The second aspect of analytics is what I am concerned with in this note. This is the aspect of analytics concerned with:
- developing an appropriate score for a statistical model;
- using the score to define useful actions;
- determining which measures are best for evaluating the effectiveness of these actions;
- tracking these measures (often with a dashboard) and making sure that that they advance the strategic objectives of the company or organization.
One way to remember this is using the mnemonic SAMS for Scores, Actions, Measures and Strategies.
For example, with a response model, often a threshold is used.
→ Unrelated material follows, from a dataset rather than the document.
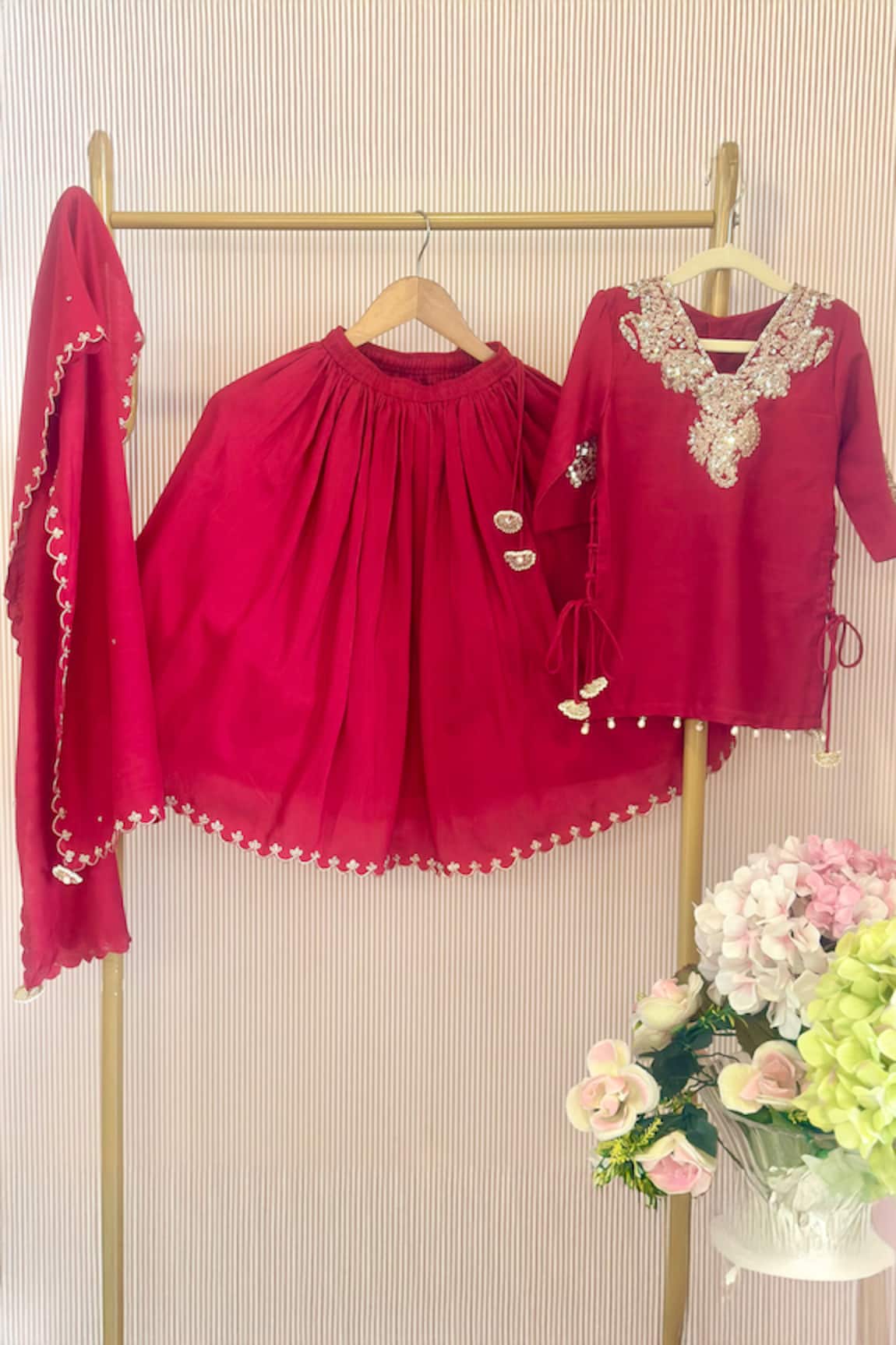 Rage Attire-Sweta Saria Designer Red Paijali Lehenga Set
If the score from the response model is above the threshold, an offer is made (this is the action); if not, no offer is made.
Here are some examples of SAMS:
| Model | Score | Action | Measure | Strategy |
|---|---|---|---|---|
| on-line response model | likelihood to respond to an offer | display the offer to the visitor that has the highest likelihood of response and available inventory | revenue per day generated by the web site | increase revenue from a website by improving targeting of offers |
| fraud model | likelihood that a transaction is fraudulent | approve, decline, or obtain more information | detection and false positive rates | reduce costs and improve customer experience by lowering fraud rates |
| data quality model | likelihood that a data source has data quality problems | if the score is above a threshold, manually investigate the data to check whether there is in fact a data quality problem | detection and false positive rates | improve operational efficiencies by detecting data quality problems more quickly |
A successful analytics projects requires a careful study of what actions are possible; of the possible actions, which can be deployed into operational systems; and, how the systems can be instrumented so that the data required to compute the required measures is available.
The organizational challenge when developing and deploying analytics is that four groups must work together to complete a successful analytic project:
- The IT group must provide the required data to build the model.
- The analytics group must build the appropriate models and develop the appropriate scores.
- The operations group must decide which actions are possible and how these actions can be integrated with current systems and business processes.
- An executive sponsor must make sure that the measures have strategic relevance and the three groups above collaborate effectively.